- What to do -
Leaving out every picture, copy the lines of the material below exactly, from the line containing "The Red Poinsettia 6-Inch (AR4801)" through the line containing "إيثيوم يفوز بالاستثمار".

***** Record excerpts

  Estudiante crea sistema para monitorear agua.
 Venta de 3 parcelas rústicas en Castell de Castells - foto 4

**********
***** Record excerpts

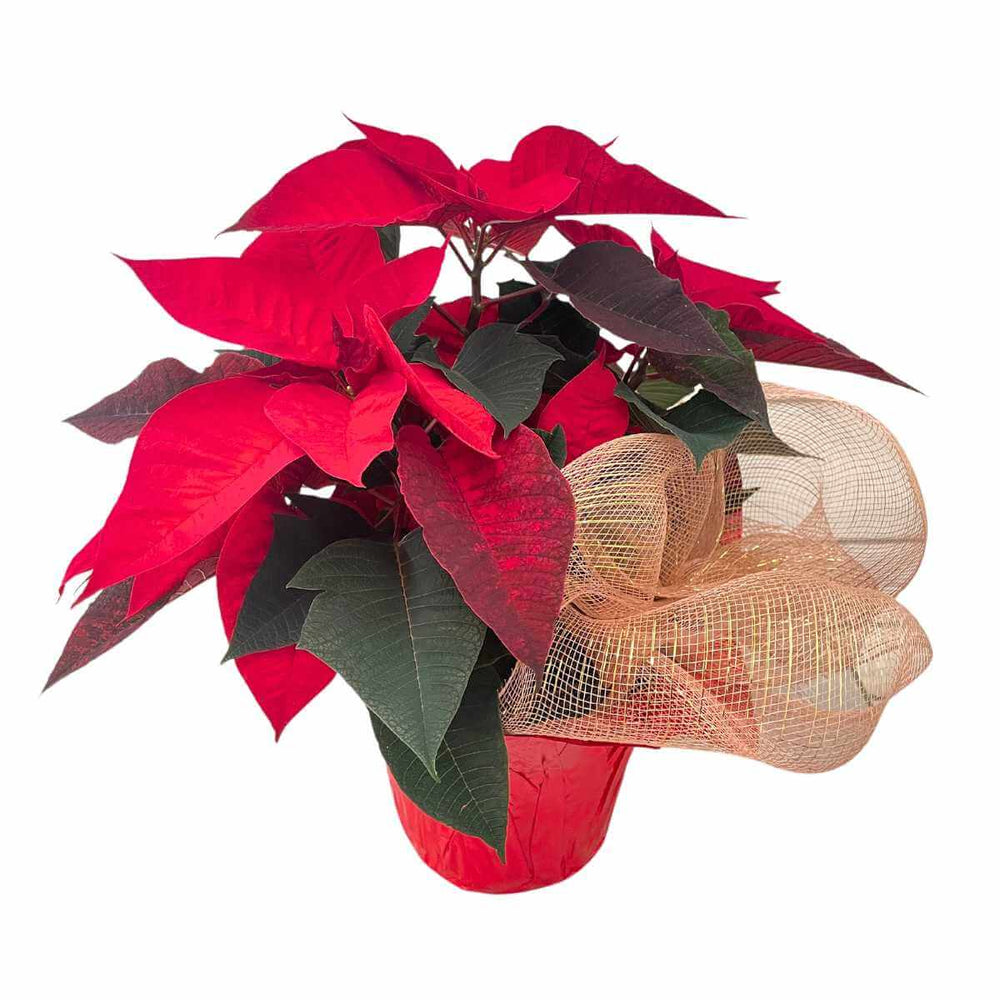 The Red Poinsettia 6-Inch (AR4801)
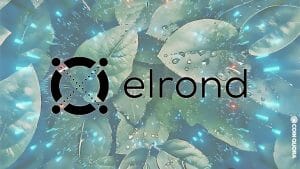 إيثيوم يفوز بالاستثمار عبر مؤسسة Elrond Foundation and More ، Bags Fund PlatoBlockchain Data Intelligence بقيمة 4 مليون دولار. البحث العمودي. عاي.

**********
***** Record excerpts

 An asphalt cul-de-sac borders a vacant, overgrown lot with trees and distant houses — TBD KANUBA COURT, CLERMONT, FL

**********

- Answer below -
 The Red Poinsettia 6-Inch (AR4801)
 إيثيوم يفوز بالاستثمار عبر مؤسسة Elrond Foundation and More ، Bags Fund PlatoBlockchain Data Intelligence بقيمة 4 مليون دولار. البحث العمودي. عاي.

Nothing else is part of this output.